Right Now is the Time to Address Privacy Issues and the Smart Grid
Last week, two events generated press coverage about privacy advocates sounding the alarm about privacy and the smart grid. The California Public Utilities Commission (CPUC) held a smart grid hearing which included a focus on consumer privacy and the White House Office of Science and Technology Policy collected comments on the topic of who owns consumer energy data and who should get access to it. (To see FPF’s comments to the OSTP, click here.) Businesses are starting to wonder whether consumer privacy could limit the data they need to optimize demand response management or delay smart installations due to consumer push-back. They are right to be worried because the concerns are real.
How should the industry respond? Hiding from the issue or hoping regulators solve the problem for companies are not strategies likely to succeed when innovation that can allow both data use and consumer control is needed. We think that the potential benefits to the causes of energy conservation, green jobs, and the environment are too valuable to be allowed to fail.

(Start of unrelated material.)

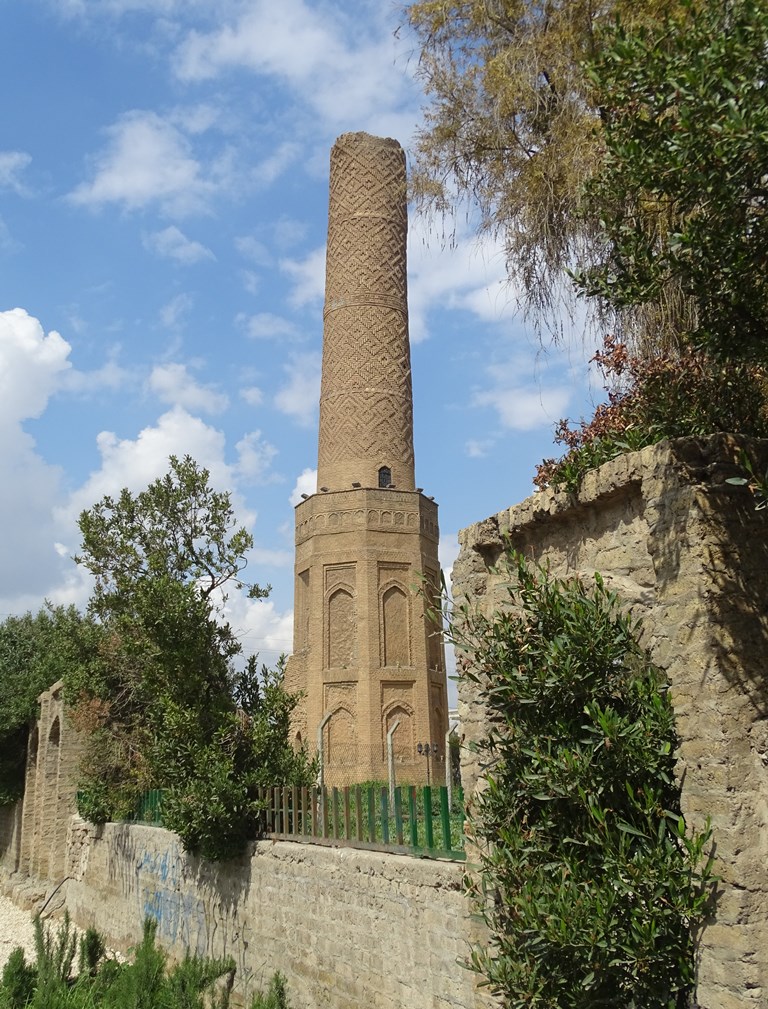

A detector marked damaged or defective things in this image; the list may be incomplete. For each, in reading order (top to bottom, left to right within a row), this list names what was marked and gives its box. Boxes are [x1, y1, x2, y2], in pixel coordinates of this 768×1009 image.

Over the past year, FPF’s Smart Grid Privacy Working Group of businesses and advocates has worked extensively with the Gridwise Alliance to address these concerns. We held the first conference focused on Privacy and the Grid, with the White House, regulators, advocates and business participating. We wrote a white paper with Ontario Privacy Commissioner Ann Cavoukian laying out how “privacy by design” can be a key strategy to addressing grid privacy development.
We have established SmartGridPrivacy.org as a clearing house for resources related to privacy and the smart grid. And today, we are part of the launch of the Smart Grid Consumer Collaborative (SGCC), which is a new industry collaborative to help build consumer engagement in the rollout of the smart grid. SGCC includes consumer electronics and technology companies, retailers, consumer advocacy groups, and utilities that are dedicated to finding solutions that maximize the value of the grid for consumers.
The FCC Broadband Plan released last week calls for consumers to be able to access their power data so that “innovation” in the home can be unleashed to create new tools, new features and new advances that will encourage users to save energy. If privacy innovation is also part of the innovation agenda, we are sure that the data needed to power the grid can also serve to empower consumers.